_What you need to do_. Restate the records word for word. Include no pictures.

── Data listing

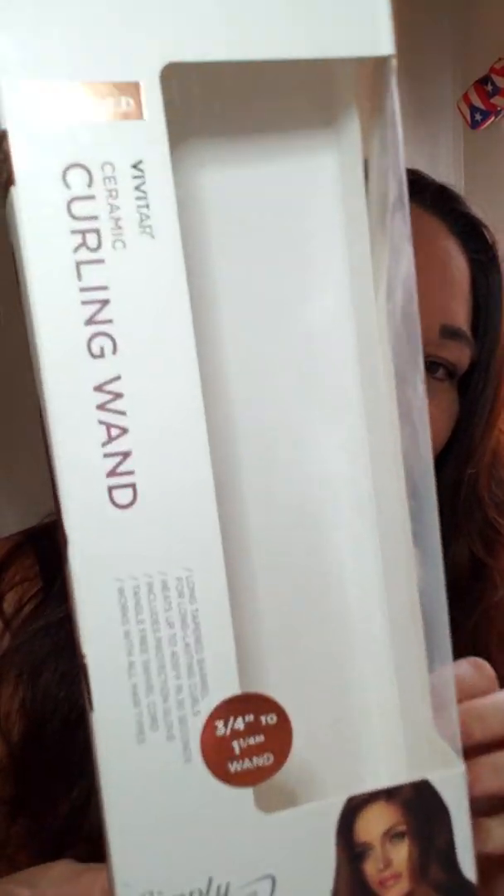Today I'm going to be curling my hair with a wand for the first time. This is the one I have — I got it for Christmas. It is a Vivitar tapered ceramic curling wand. The max temperature is 400 degrees, it has a six-foot swivel cord, fast heating, and a ceramic long tapered barrel for long-lasting curls. It heats up to 400 degrees in 30 seconds. It also comes with a glove and a tangle-free swivel cord.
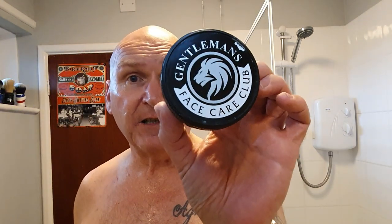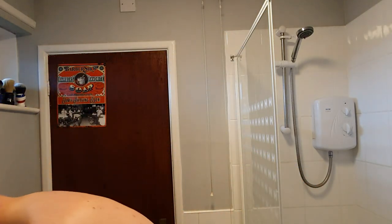Not mucking around, I've just loaded up some Gentleman's Face Care Club Caribbean Lime. It's a cream. It's nice, very cost effective. You can find this on Amazon and eBay - Gentleman's Face Care Club. So I'll just wet the whiskers and see how I do.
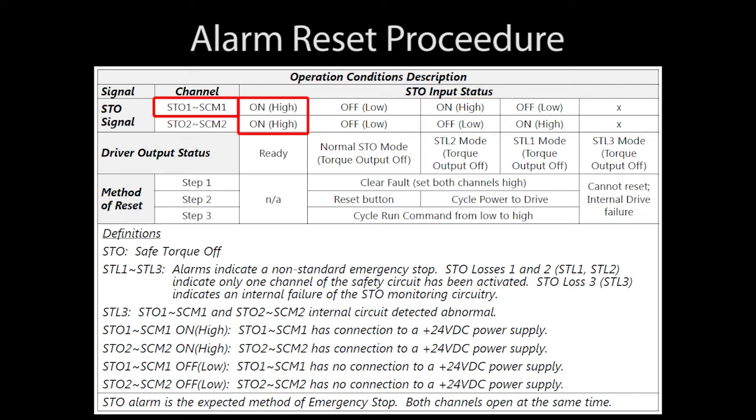In this case, STO 1 is connected to its common and STO 2 is connected to its common — everything is great, we are ready to go. On the other hand, if both connections are open, then we have a normal STO condition. If only STO 2 is not connected, then that is an STL 2 condition. And if STO 1 is not connected, then that is an STL 1 condition — exactly what we saw in the fault codes we just looked at.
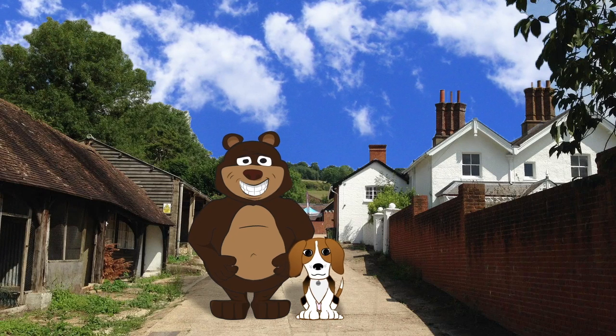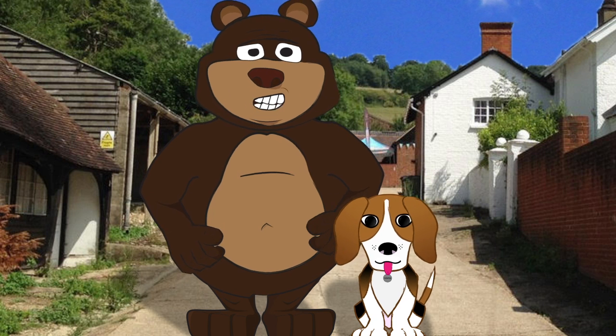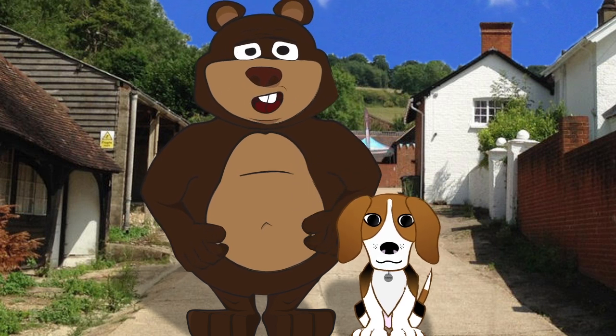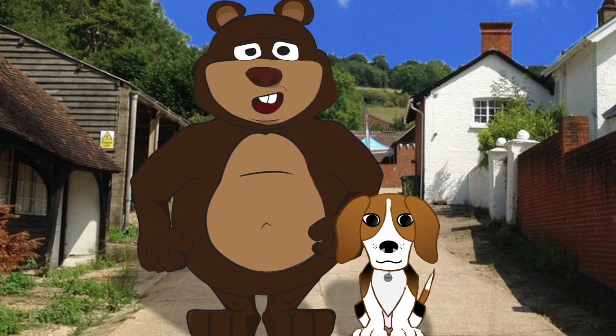Welcome to our first Gin Bear review: Silent Pool. The slogan, 'Intricately Realised Gin', reminds me of a time when Juniper was trying to bite my fur in the trouser region, at which point I intricately realised she had more than fur in her mouth.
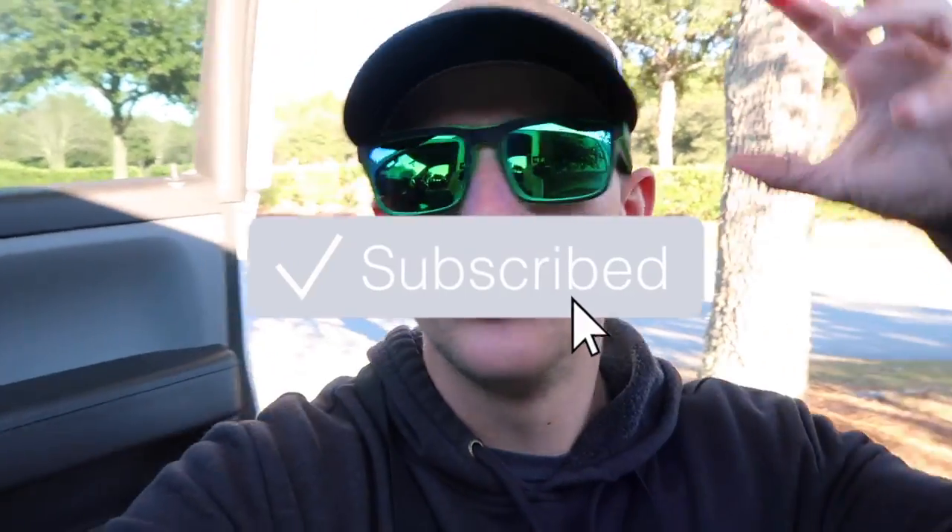If you aren't subscribed, be sure to click that subscribe button. If you're new to the channel, hit that notification bell. Also pepper that like button up if you're enjoying the content. And if you want to see more videos, be sure to leave a comment below.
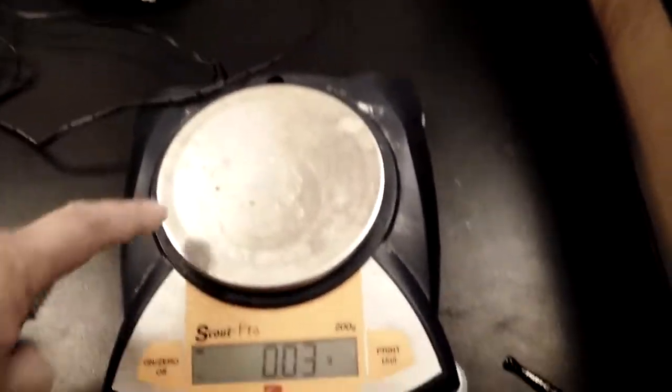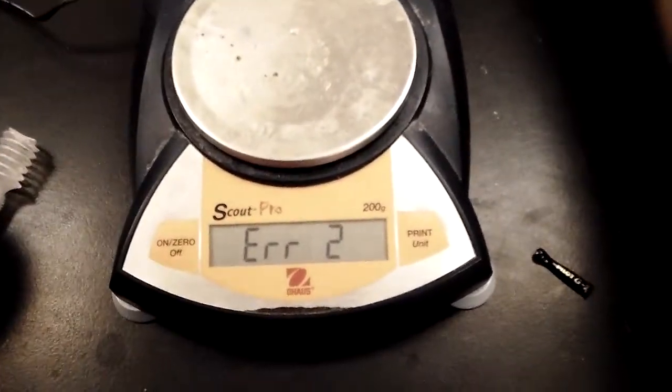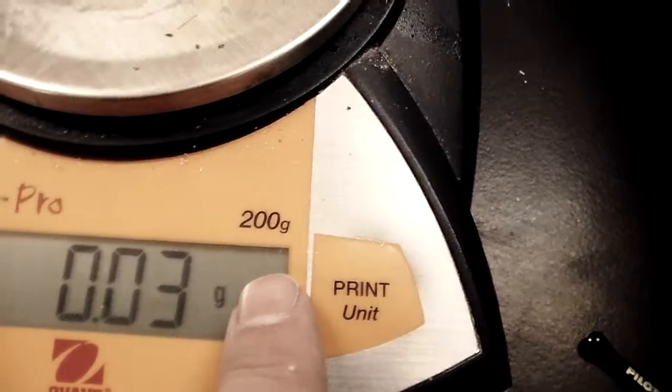Can you overload this thing? Yes. See — ERR2. That means get it off the balance. It's too heavy because there's a maximum capacity of 200 grams on there.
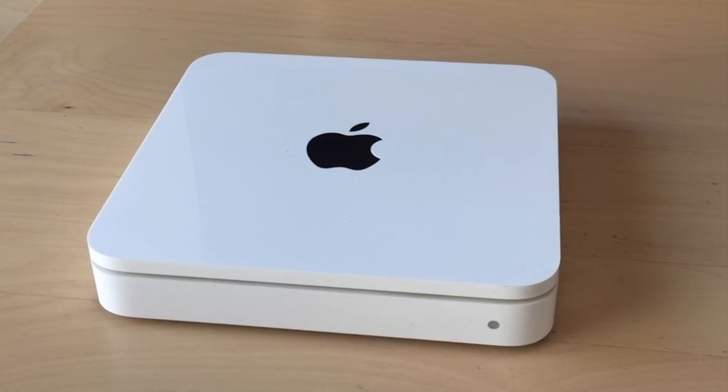Hello guys and welcome back. On this video, I'm going to show you how to set up your time capsule as a wireless backup and even set up your time machine backups to back up to that internal source if you want, or an external source.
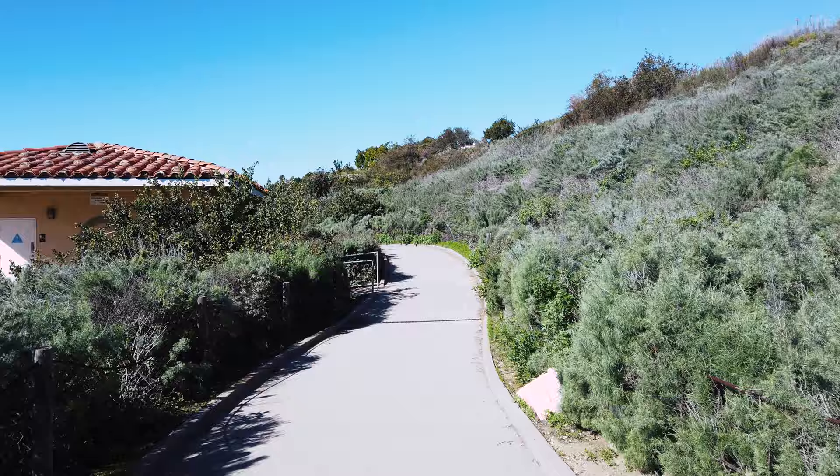Right here at the Palo Verdes trail. Recording this with the DJI Osmo Pocket at 4K 24 frames per second. I have it set on auto just because it's really bright out here, so I'll show you some of the footage — check it out.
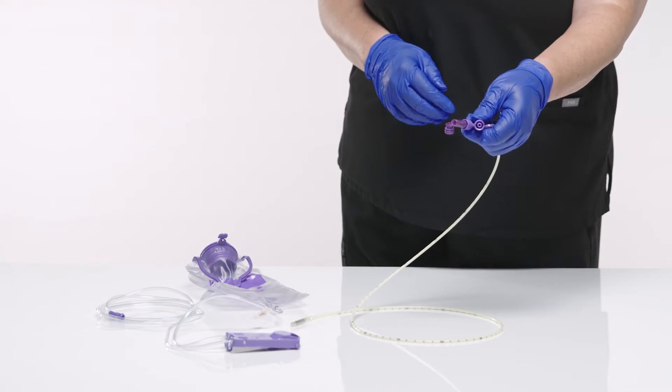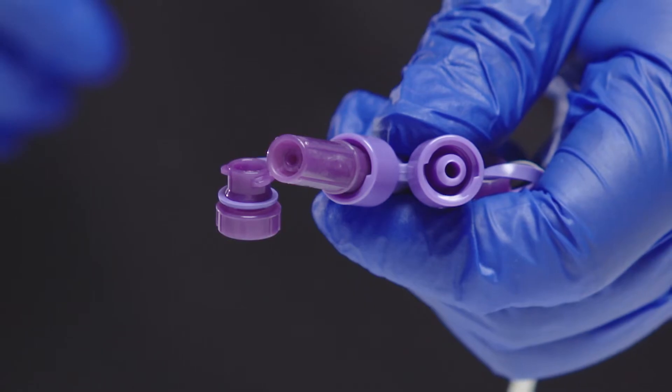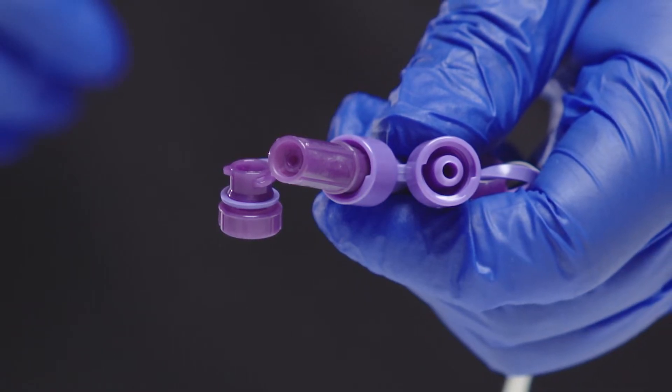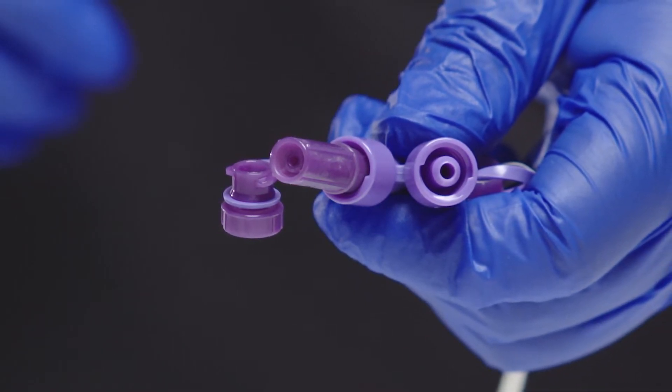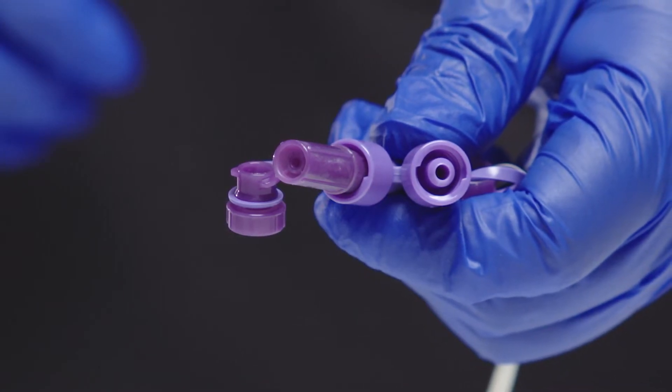Cardinal Health's Nasogastric Feeding Tubes now come with Enfit connections. Enfit is a reverse-luer lock connection designed to increase patient safety by reducing the risk of misconnections. This addition supports a safe method for providing nutrition, medication, and fluids to a patient.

────

_Answer_.
Today I'm going to be curling my hair with a wand for the first time. This is the one I have — I got it for Christmas. It is a Vivitar tapered ceramic curling wand. The max temperature is 400 degrees, it has a six-foot swivel cord, fast heating, and a ceramic long tapered barrel for long-lasting curls. It heats up to 400 degrees in 30 seconds. It also comes with a glove and a tangle-free swivel cord.
Not mucking around, I've just loaded up some Gentleman's Face Care Club Caribbean Lime. It's a cream. It's nice, very cost effective. You can find this on Amazon and eBay - Gentleman's Face Care Club. So I'll just wet the whiskers and see how I do.
In this case, STO 1 is connected to its common and STO 2 is connected to its common — everything is great, we are ready to go. On the other hand, if both connections are open, then we have a normal STO condition. If only STO 2 is not connected, then that is an STL 2 condition. And if STO 1 is not connected, then that is an STL 1 condition — exactly what we saw in the fault codes we just looked at.
Welcome to our first Gin Bear review: Silent Pool. The slogan, 'Intricately Realised Gin', reminds me of a time when Juniper was trying to bite my fur in the trouser region, at which point I intricately realised she had more than fur in her mouth.
If you aren't subscribed, be sure to click that subscribe button. If you're new to the channel, hit that notification bell. Also pepper that like button up if you're enjoying the content. And if you want to see more videos, be sure to leave a comment below.
Can you overload this thing? Yes. See — ERR2. That means get it off the balance. It's too heavy because there's a maximum capacity of 200 grams on there.
Hello guys and welcome back. On this video, I'm going to show you how to set up your time capsule as a wireless backup and even set up your time machine backups to back up to that internal source if you want, or an external source.
Right here at the Palo Verdes trail. Recording this with the DJI Osmo Pocket at 4K 24 frames per second. I have it set on auto just because it's really bright out here, so I'll show you some of the footage — check it out.
Cardinal Health's Nasogastric Feeding Tubes now come with Enfit connections. Enfit is a reverse-luer lock connection designed to increase patient safety by reducing the risk of misconnections. This addition supports a safe method for providing nutrition, medication, and fluids to a patient.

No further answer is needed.